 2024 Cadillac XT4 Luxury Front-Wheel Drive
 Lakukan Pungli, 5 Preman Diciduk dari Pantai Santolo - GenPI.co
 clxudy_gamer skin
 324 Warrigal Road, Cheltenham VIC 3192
========
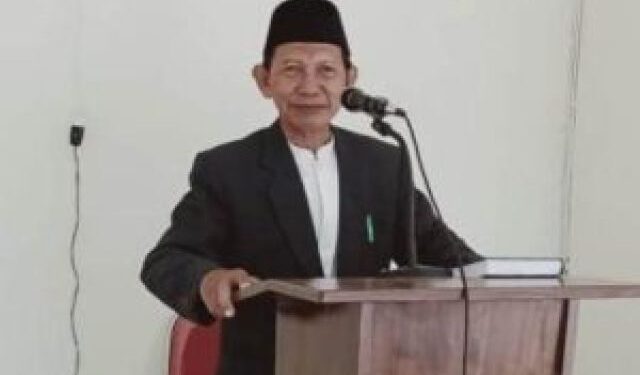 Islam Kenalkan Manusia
========
§ **WHAT THE EXERCISE ASKS**
Reproduce only the lines above spanning from the line containing "2024 Cadillac XT4 Luxury Front-Wheel Drive" through the line containing "324 Warrigal Road, Cheltenham VIC 3192", word for word.

§ **SOLVED EXERCISE**
 2024 Cadillac XT4 Luxury Front-Wheel Drive
 Lakukan Pungli, 5 Preman Diciduk dari Pantai Santolo - GenPI.co
 clxudy_gamer skin
 324 Warrigal Road, Cheltenham VIC 3192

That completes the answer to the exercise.